Amaya Santoro was exiled from Spain. That was her punishment for breaking the law; that was her mother's solution to keep her out of jail—though Amaya was convinced it was just her nice way to kick her out of the house. And that meant she had no excuse not to get involved in the war.

She'd been avoiding it, instead trying to help people in her own country with the means and talents she had, knowing that there was a key to something big stored in her sock drawer, weighing on her shoulders as she pretended it didn't exist.

Now her country had kicked her out, so she couldn't pretend anymore—well, she could, but one thing she learned from her mother was that if she had the opportunity to help she should. She was ready to put that lesson into practice because she refused to stand by and watch people die again.

To be honest, she wasn't sure what exactly she had that could help in the war.

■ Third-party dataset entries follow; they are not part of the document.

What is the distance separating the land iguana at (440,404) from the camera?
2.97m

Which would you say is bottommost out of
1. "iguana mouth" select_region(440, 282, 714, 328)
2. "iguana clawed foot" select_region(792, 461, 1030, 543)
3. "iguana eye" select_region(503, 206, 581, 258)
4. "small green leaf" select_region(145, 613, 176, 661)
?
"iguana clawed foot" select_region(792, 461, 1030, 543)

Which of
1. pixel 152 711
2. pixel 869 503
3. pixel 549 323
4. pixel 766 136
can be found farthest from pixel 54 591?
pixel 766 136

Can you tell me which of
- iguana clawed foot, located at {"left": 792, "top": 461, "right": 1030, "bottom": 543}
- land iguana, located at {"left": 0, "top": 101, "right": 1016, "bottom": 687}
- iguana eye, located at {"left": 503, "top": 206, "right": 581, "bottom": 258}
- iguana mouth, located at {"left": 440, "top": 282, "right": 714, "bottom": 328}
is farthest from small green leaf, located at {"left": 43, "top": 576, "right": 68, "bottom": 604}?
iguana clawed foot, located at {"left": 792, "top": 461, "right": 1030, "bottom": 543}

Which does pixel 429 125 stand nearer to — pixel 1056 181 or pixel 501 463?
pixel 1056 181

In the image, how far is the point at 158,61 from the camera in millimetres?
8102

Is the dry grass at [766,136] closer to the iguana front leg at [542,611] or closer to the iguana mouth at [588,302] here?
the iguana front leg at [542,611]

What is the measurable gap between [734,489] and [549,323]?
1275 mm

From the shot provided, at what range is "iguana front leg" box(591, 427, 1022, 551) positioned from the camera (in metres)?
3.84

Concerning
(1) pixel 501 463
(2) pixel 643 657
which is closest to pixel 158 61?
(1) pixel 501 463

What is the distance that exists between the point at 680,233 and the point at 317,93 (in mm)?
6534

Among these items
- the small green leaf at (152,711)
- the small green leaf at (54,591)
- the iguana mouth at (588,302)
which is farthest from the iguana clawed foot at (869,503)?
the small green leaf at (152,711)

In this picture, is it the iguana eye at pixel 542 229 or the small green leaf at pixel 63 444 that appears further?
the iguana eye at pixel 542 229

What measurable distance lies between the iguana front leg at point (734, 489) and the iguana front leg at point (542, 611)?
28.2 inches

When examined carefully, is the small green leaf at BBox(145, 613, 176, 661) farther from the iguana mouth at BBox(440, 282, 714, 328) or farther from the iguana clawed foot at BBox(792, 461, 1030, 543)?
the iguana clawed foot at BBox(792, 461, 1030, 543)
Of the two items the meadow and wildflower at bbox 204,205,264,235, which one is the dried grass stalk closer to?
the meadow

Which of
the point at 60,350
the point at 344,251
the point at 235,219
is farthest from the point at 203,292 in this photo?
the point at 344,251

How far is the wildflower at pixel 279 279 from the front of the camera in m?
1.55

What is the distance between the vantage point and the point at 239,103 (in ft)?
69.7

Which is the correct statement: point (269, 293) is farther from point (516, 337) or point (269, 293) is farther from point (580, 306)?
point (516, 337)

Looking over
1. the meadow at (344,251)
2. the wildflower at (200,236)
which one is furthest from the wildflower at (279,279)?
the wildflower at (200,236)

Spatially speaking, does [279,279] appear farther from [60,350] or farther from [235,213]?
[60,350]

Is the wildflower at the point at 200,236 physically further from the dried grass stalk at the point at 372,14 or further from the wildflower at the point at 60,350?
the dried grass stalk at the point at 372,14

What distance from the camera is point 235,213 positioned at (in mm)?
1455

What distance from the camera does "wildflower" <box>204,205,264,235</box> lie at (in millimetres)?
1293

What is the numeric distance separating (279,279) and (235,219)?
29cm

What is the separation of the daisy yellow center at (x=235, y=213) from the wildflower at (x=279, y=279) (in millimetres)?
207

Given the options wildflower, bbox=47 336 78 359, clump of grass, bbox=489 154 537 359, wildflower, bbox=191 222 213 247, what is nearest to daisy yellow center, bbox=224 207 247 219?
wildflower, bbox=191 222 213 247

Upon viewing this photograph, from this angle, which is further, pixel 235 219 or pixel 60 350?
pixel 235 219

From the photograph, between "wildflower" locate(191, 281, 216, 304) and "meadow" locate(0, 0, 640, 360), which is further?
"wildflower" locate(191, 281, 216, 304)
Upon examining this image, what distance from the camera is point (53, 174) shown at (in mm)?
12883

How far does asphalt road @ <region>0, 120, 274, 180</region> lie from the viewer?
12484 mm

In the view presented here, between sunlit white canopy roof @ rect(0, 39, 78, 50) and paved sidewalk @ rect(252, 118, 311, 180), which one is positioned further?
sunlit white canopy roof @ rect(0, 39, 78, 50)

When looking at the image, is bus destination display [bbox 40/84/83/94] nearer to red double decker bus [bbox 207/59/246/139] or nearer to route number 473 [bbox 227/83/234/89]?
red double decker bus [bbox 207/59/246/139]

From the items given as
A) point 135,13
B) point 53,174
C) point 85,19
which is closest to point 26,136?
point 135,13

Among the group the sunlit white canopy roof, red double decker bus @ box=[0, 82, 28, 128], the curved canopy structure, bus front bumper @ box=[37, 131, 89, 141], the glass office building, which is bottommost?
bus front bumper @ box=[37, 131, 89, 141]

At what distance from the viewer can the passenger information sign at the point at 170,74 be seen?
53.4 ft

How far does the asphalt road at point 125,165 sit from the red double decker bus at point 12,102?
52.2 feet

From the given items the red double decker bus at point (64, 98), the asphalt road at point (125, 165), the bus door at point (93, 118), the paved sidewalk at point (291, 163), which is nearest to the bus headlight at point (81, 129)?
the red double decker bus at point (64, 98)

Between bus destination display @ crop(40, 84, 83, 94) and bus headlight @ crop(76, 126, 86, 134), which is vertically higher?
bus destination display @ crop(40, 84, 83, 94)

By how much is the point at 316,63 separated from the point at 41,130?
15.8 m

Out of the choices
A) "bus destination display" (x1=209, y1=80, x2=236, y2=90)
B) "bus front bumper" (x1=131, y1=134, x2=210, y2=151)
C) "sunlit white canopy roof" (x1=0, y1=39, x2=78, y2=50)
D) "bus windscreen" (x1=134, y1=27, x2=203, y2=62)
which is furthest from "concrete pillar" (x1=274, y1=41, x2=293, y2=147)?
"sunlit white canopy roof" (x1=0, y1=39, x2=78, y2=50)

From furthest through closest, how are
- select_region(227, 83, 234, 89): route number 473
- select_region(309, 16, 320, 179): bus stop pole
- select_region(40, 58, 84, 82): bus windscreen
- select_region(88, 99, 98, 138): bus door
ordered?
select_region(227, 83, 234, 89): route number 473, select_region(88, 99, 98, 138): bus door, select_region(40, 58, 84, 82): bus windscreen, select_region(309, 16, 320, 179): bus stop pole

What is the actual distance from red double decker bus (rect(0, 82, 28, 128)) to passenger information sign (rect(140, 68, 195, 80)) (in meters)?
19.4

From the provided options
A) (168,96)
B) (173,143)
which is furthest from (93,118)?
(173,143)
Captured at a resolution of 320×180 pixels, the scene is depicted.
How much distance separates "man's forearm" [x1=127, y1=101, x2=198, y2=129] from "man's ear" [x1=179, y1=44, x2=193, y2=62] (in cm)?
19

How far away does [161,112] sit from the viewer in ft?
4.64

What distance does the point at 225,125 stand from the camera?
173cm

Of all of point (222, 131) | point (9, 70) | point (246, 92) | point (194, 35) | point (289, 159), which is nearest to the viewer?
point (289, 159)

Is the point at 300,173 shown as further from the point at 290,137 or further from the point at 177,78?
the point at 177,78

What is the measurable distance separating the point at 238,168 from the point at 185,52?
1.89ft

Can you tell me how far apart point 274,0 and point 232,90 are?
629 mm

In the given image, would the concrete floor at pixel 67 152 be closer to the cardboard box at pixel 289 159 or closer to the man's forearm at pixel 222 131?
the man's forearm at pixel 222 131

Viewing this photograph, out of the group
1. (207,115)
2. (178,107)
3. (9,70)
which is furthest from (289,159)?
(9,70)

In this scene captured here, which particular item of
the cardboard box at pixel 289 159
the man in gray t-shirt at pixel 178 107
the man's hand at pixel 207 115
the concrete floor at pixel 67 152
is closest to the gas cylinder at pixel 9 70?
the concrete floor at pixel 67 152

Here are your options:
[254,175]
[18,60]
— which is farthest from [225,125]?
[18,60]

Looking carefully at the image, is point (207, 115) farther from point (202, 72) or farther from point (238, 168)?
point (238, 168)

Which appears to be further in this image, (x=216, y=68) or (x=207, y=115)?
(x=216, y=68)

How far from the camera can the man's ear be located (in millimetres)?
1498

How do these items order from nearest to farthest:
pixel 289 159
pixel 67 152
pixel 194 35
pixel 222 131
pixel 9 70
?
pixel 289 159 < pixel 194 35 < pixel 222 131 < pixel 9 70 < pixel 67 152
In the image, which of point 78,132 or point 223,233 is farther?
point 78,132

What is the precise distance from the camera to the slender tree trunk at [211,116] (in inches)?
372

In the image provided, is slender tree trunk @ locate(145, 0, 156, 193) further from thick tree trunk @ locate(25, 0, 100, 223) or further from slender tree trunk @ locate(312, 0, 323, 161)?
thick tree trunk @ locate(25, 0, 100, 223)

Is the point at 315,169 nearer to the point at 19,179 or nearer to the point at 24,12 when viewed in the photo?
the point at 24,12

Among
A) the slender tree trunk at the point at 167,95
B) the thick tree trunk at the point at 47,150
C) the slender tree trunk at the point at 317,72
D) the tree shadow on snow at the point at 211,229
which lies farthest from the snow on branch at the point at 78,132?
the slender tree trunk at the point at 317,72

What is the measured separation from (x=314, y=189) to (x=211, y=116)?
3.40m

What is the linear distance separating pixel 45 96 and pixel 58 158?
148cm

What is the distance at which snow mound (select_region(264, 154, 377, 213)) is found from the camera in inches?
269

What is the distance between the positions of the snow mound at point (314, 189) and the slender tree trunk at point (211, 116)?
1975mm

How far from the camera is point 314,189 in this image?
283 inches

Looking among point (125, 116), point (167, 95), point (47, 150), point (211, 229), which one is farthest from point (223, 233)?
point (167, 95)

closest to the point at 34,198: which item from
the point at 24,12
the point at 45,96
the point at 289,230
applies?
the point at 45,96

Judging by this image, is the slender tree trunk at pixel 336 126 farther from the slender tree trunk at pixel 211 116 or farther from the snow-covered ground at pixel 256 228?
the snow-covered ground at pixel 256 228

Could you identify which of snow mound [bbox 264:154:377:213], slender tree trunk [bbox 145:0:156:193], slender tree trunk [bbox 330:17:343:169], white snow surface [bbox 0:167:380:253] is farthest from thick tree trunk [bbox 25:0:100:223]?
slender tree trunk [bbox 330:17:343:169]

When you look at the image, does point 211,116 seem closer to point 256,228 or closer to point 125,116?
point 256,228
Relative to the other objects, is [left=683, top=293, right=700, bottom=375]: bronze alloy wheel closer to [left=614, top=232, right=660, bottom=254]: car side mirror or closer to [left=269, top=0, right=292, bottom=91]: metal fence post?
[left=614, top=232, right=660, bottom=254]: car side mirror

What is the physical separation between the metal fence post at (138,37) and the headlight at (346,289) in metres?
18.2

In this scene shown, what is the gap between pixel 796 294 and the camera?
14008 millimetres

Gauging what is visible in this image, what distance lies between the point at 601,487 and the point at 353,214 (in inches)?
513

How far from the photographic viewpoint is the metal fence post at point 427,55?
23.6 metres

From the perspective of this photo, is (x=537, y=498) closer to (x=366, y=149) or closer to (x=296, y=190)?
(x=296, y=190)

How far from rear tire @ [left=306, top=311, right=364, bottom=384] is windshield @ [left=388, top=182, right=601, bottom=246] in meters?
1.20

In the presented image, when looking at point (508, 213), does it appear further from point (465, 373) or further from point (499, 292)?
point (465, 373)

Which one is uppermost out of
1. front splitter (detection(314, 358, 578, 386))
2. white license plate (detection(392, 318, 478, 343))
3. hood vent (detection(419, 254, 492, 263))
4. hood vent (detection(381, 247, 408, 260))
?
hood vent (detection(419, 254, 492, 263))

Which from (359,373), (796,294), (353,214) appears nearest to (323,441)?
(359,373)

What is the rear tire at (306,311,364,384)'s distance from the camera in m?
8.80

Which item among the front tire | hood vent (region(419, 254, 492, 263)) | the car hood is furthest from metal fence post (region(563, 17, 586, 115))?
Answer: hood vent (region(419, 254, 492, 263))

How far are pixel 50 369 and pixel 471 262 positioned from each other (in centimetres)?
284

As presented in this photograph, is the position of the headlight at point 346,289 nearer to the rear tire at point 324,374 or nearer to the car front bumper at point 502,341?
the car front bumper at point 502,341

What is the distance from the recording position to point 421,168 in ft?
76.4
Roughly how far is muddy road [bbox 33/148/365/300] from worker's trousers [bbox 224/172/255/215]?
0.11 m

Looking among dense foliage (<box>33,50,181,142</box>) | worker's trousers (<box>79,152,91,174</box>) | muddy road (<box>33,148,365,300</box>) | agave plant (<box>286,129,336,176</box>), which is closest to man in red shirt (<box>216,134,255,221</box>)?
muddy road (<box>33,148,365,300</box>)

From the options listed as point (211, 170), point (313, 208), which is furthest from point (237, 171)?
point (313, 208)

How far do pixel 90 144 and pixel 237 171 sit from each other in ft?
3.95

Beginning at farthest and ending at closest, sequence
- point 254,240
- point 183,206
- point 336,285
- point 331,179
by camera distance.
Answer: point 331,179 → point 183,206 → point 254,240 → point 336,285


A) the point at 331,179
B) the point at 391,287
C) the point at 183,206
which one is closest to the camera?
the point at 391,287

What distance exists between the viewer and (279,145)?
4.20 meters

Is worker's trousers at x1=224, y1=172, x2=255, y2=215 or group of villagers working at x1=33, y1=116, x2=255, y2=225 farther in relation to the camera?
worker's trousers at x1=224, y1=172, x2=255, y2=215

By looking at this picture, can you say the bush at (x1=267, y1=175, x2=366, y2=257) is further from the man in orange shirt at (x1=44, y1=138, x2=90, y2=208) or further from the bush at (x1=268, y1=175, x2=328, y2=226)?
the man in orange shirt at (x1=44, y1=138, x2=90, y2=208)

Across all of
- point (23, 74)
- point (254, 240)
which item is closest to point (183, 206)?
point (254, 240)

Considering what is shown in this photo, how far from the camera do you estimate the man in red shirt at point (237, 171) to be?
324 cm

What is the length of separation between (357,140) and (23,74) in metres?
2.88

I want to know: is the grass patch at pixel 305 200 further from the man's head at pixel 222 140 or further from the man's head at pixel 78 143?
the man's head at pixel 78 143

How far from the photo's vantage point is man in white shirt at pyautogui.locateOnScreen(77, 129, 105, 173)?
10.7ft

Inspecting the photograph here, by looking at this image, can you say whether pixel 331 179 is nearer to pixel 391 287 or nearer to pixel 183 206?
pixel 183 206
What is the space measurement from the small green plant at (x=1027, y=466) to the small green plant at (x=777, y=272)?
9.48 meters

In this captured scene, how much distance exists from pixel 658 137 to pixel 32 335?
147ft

Her father had left her the tiny burgundy journal after he died, with a message that said the book held the key to the end and that Albus Dumbledore, an old acquaintance it seemed, would be able to open it—because like everything else he had turned the journal into a game and no matter how many times she had tried Amaya couldn't get it to open.

She had the talent to tear down wards, and she was proficient in unlocking closed doors the muggle way and the wizarding way, yet she couldn't open the tiny blasted burgundy journal—given, her father had been the one to teach her such practices and so it made sense for him to be able to raise stronger wards than those she could destroy; she just found it unfair he didn't teach her that.

And so she'd taken to finding Dumbledore, right as she stepped off the floo in the Immigration Department of the Ministry of Magic, and had been checked for dark magic.

She was warned she was under surveillance from the Minister and should she do anything out of order she would be carted off to Azkaban to complete the sentence she'd been able to escape in turn for her exile.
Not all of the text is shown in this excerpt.